First of all, Cardinal Sarah discusses the problems contained in the 2014 Synod's own Final Report (Relatio synodi) as it was sent out in December 2014 to the whole Catholic Church in the form of the Lineamenta, together with an additional set of questions inviting further world-wide commentaries. Sarah says that, in this Final Report, there is “some confusion and even some serious errors that need to be pointed out, because, coming from an official Roman body, they could very well be troubling and confusing for those whose consciences are weak.” I propose now to present a few specific points from Cardinal Sarah's fuller critique.
First, he asks whether the Final Report is “advocating trial marriage as a path to be followed.” Sarah refers here to Paragraph 27 of the Final Report where it speaks of civil marriages outside the Church where, putatively, there can be stability, affection, and even worthy responsibility for children. Sarah comments: “It is disconcerting to read in the Lineamenta, after having heard it in the extraordinary assembly, that a period of 'civil' marriage may be recommended as a phase in which a couple's relationship can [gradually] mature.” The results of this proposed gradualism for him are the following: “Set God and doctrine aside, and you create a major pastoral confusion.”

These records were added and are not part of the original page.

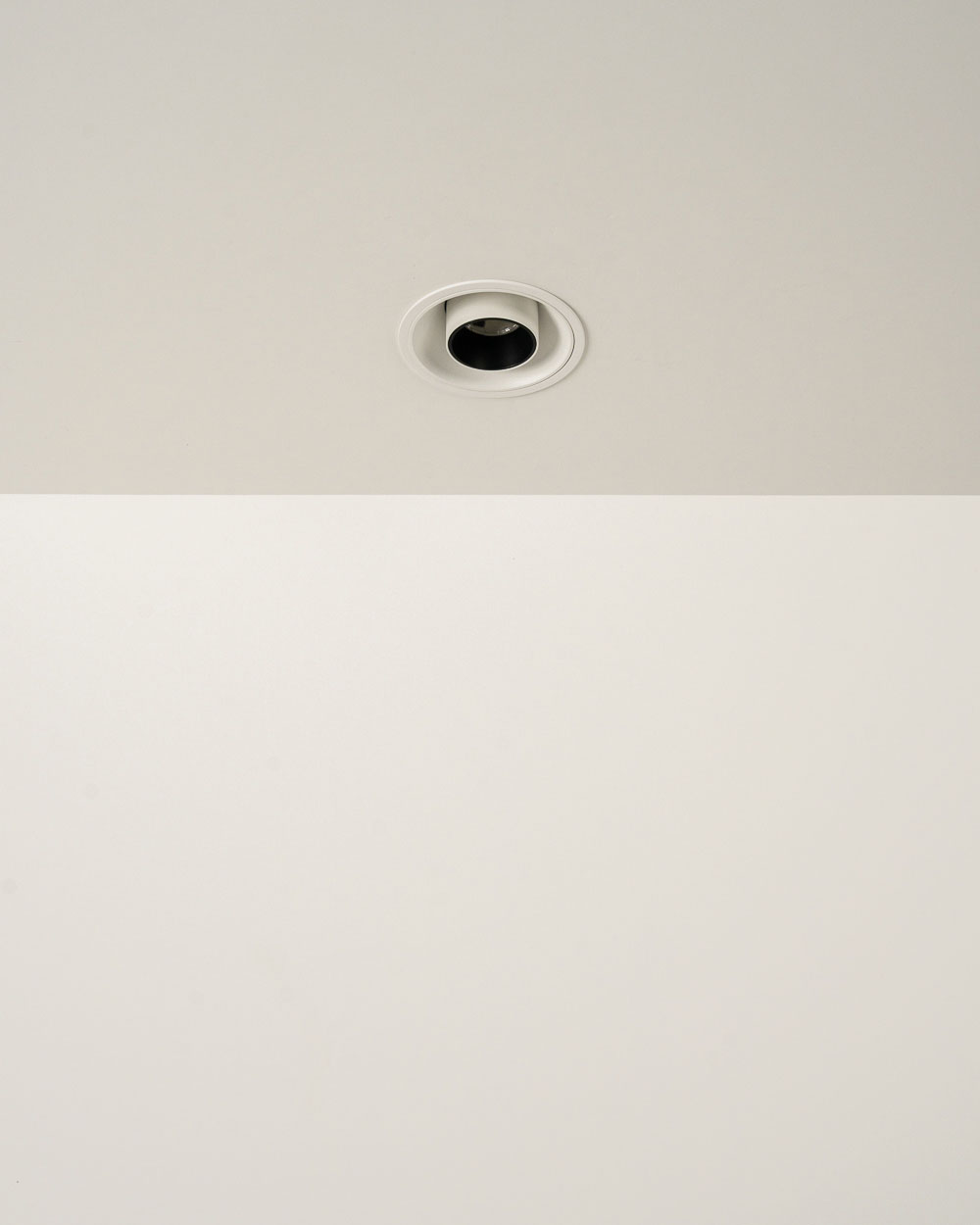 Zenith Stretchable | Lit Lightings Singapore | Premier Destination For ...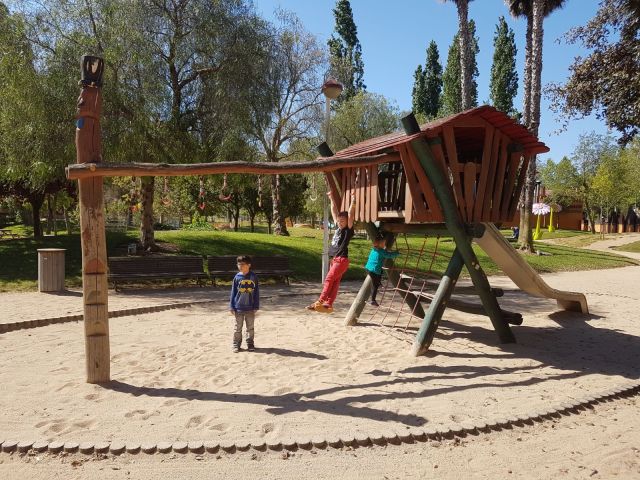 WhatsApp Image 2017-06-04 at 11.37.36.jpeg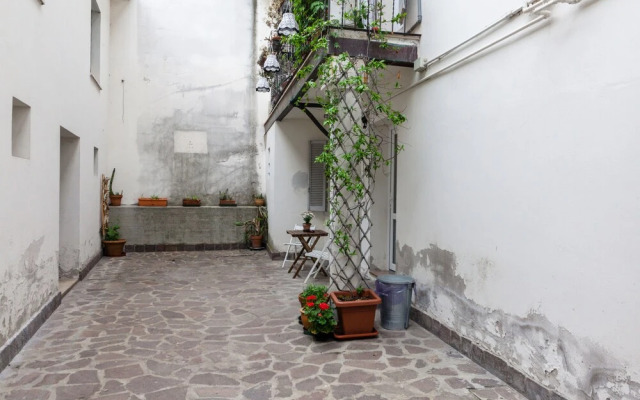 RomagnaBNB Casa Laura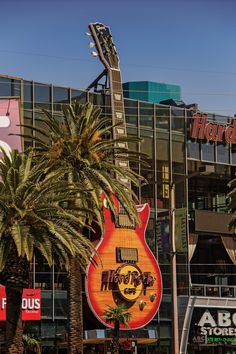 430 Hard Rock Cafe Ideas In 2021 Hard Rock Cafe Hard Rock Rock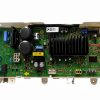 Washer Control Board EBR81634305 for LG WT7200CV/CW Black Plastic-1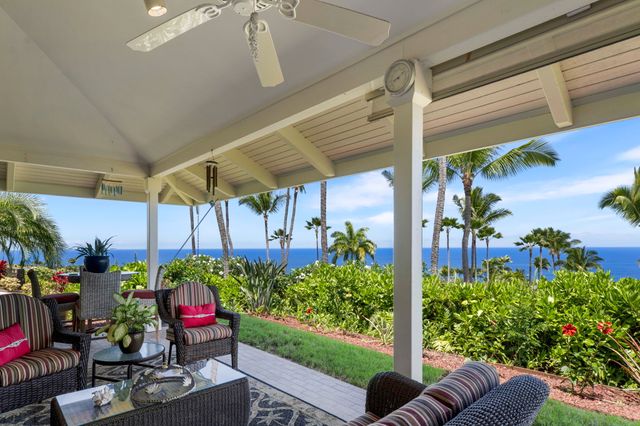 $1,600,000 | 78-6980 Kaluna Street, Unit 108 | North Kona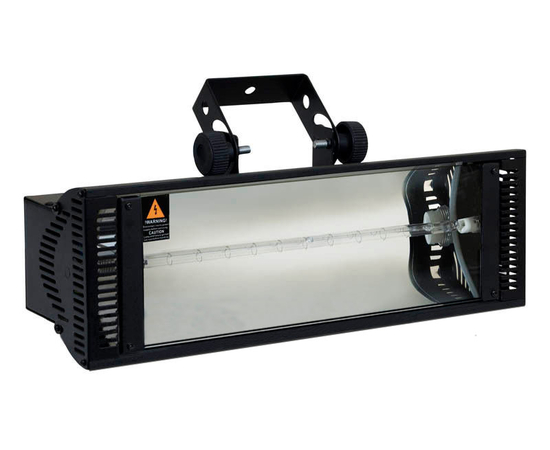 Стробоскоп POWERLIGHT DIMMER 1500W Strobe FW-005 - 124237 за 2310 грн. | 4Club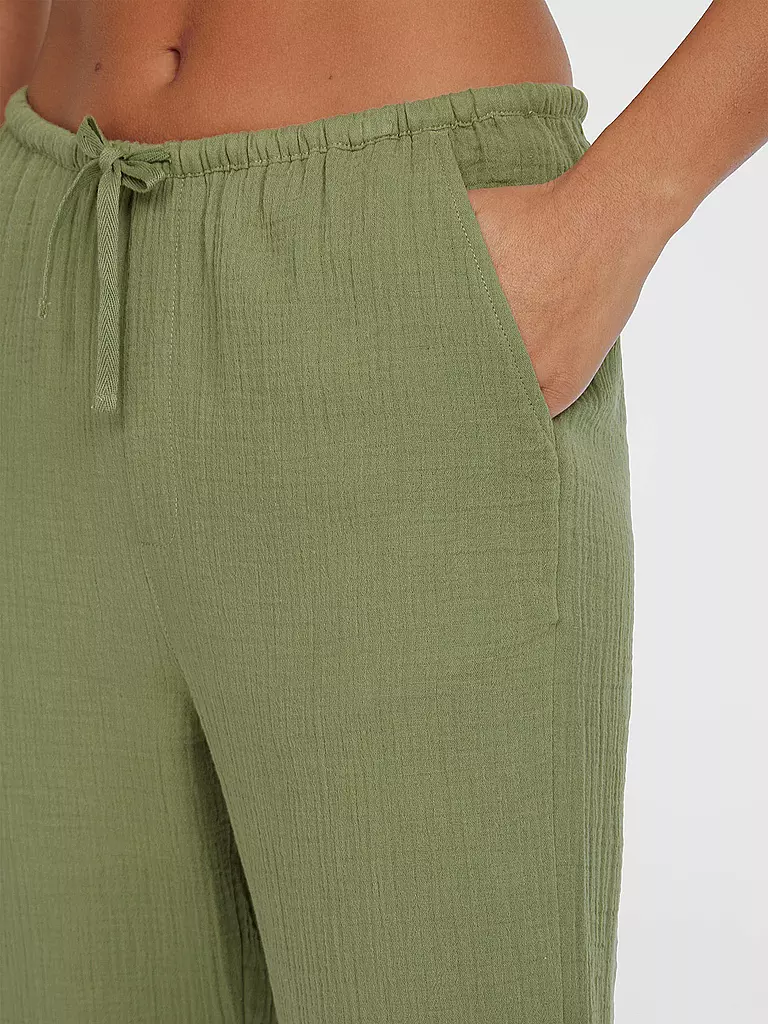 O'NEILL | Damen Beachshort Brenda | hellgrün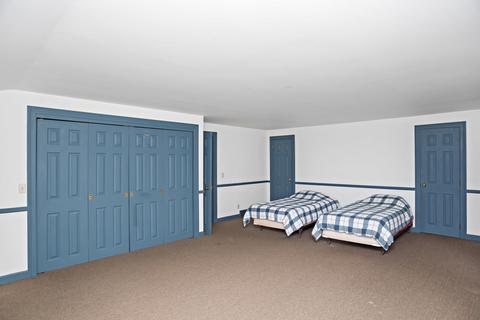 10 Cliff Rd, Eastham, MA 02642 photo 37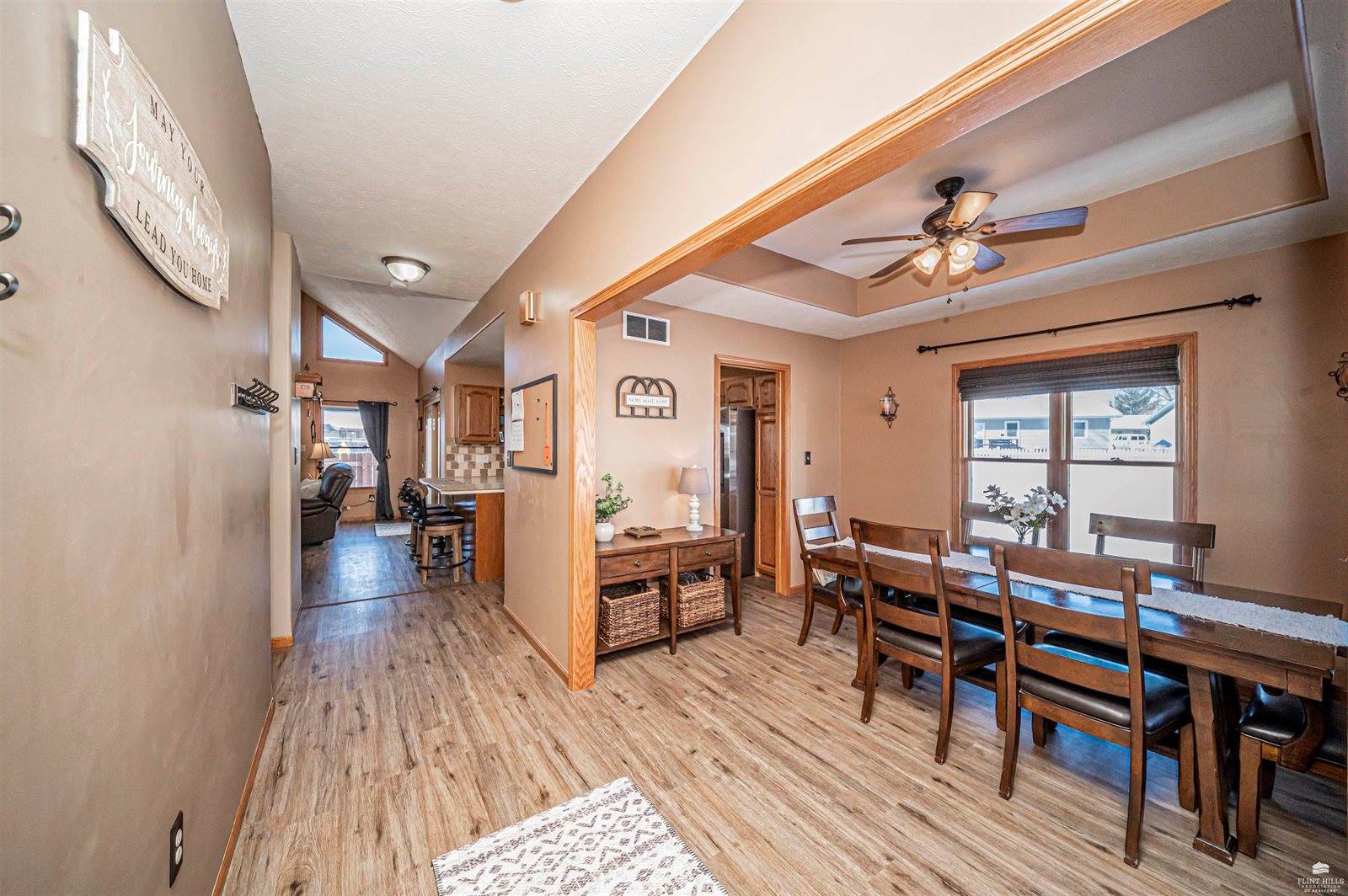 401 Dewey Street, Solomon, KS 67480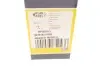 331316170163 Ролик натяжной MERCEDES, VW (пр-во Magneti Marelli, кор. код MPQ0163) MAGNETI MARELLI підбір по vin на Brocar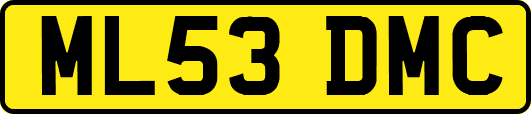 ML53DMC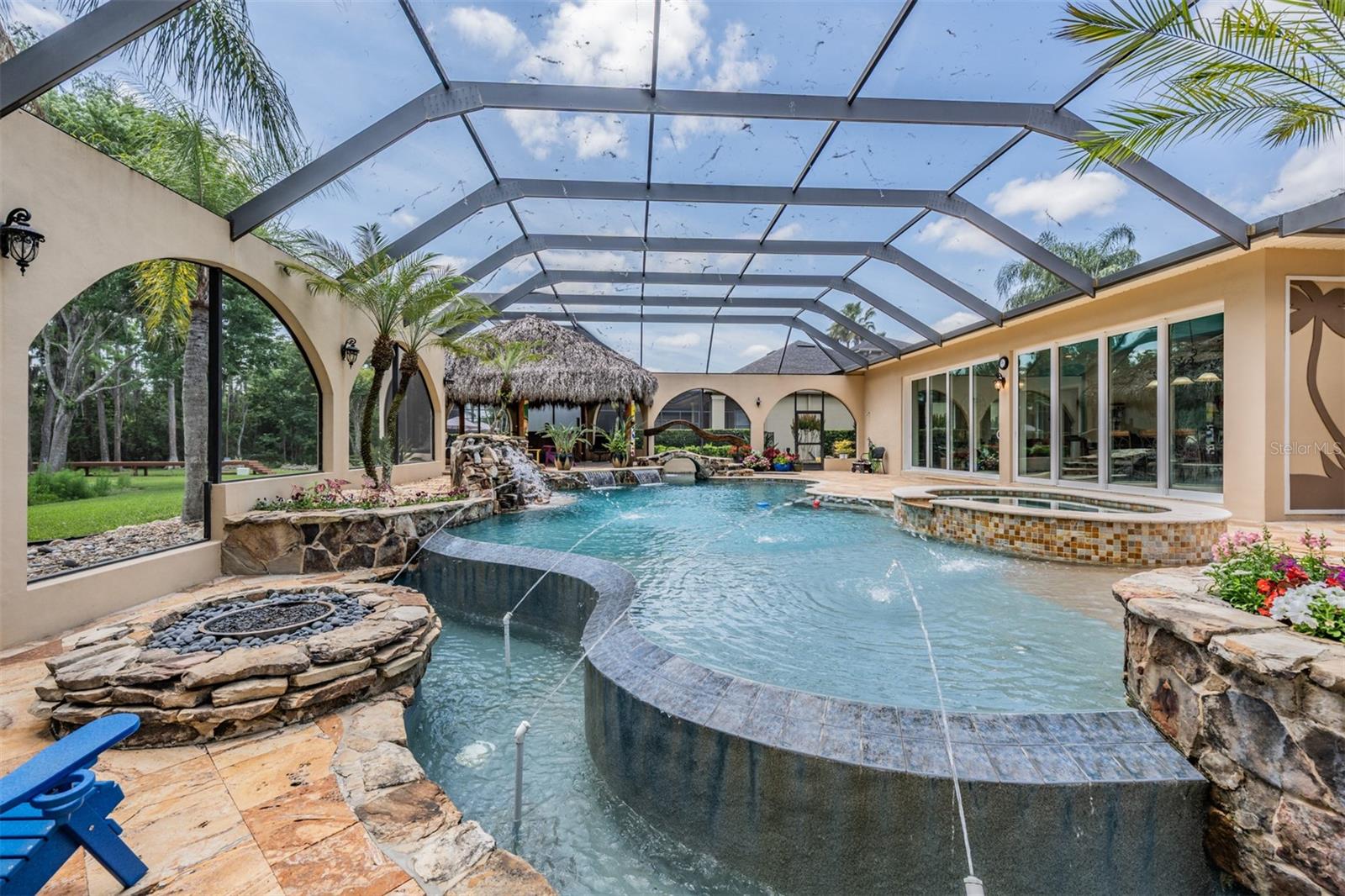 21246 QUIET HAVEN CT — photo 5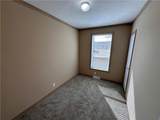 612 4th Street - Photo 14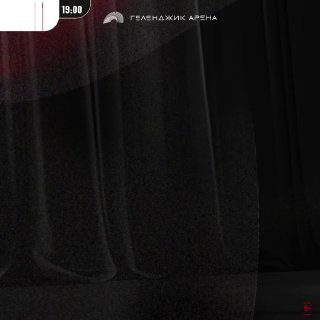 Афиша: Опера. Золотая коллекция мировых шедевров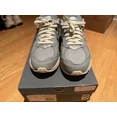thumbnail image 3 of New Balance 2002R Pistachio, 3 of 6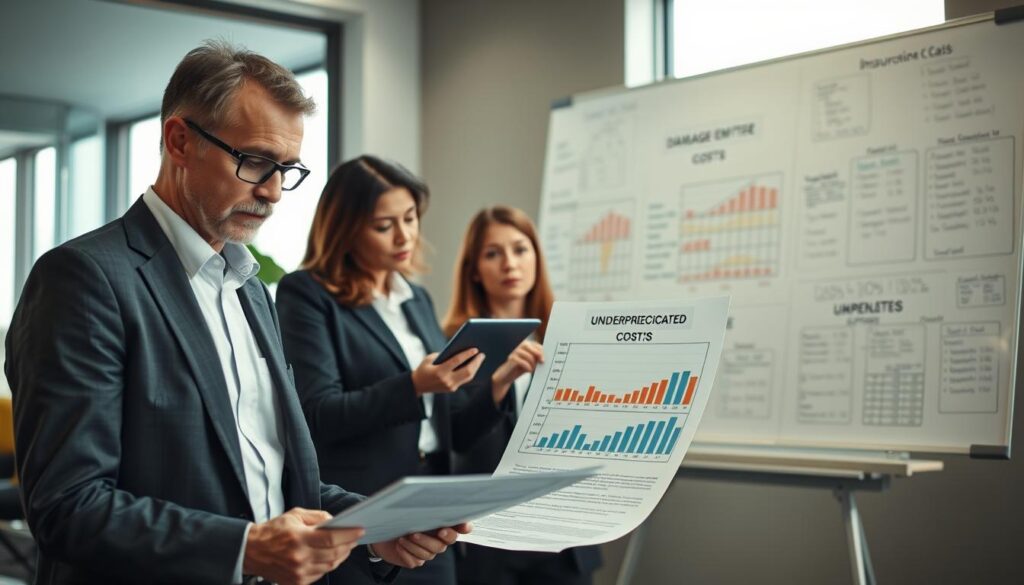 przykłady zaniżonej wyceny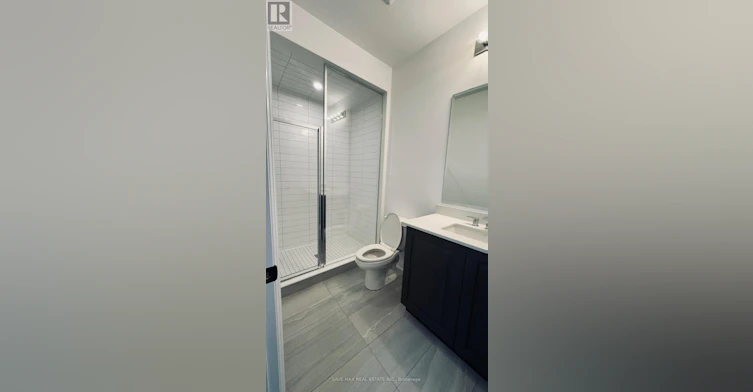 78 Pearsall Place, Oro-Medonte, ON, L0L 2L0 - 25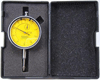 Dial Indicator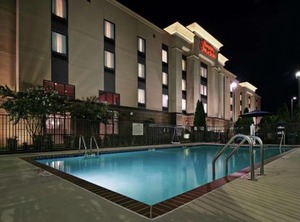 Holiday Inn Express Hotel Memphis Southwind Ihg | Millington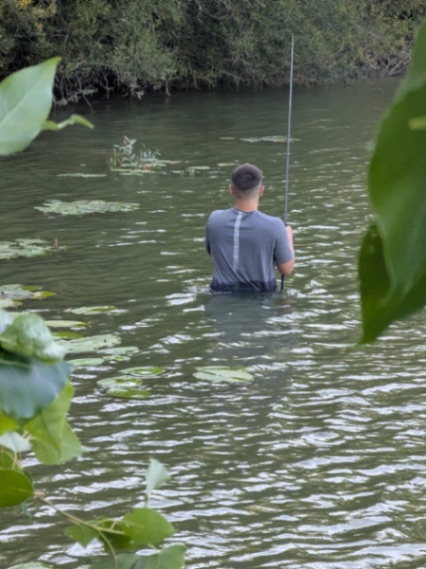 Domaine de Grand Felin – 20 July, 2026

The Guinean Cardinal has some other strong words to say about the ambiguities used in the document, seeing “slippery language,” along “with treacherous expressions in the midst of doctrinally correct statements.” Dissimilar situations are thus “linked misleadingly.” These are strong indictments, if one considers that we are dealing with an official Church document. Another important observation from Cardinal Sarah is that, while the Final Report states that there is a “crisis of faith” among many Catholics, which is at times at the root of family problems, it does not draw any conclusions from that sad fact. “Why does it not say,” asks Sarah, “that the first challenge to address is the crisis of faith?”
Cardinal Sarah quite beautifully reminds the readers that there is no third way – there is only the way of God and the way of the world. “Either we choose the way that leads us to God – and it is the narrow way of which Christ speaks – or else we take the broad way of the world that leads us away from God,” says Sarah, reminding us that we should again and always place “God back at the center of our thoughts, at the center of our action, and at the center of our lives.” He also sees that, along with the crisis of faith, there is also a pastoral crisis where pastors do not sufficiently teach the faith anymore. Therefore, Sarah proposes to “revive the faith within families.”
The prelate also makes clear that the crisis that occupies the Church right now is especially a crisis in the West. The Cardinal comments: “In fact, one guesses that the Relatio synodi is actually the reflection of a malaise of the Church in the West – a Church stifled by a secularized, godless society [...]” In the context of the question as to whether the Church should allow “remarried” divorcees to receive Holy Communion, as discussed in the West, Sarah wonders why, then, are we to stop there: “why would we reject the lay faithful who had become polygamous? We would also have to remove 'adultery' from the list of sins.”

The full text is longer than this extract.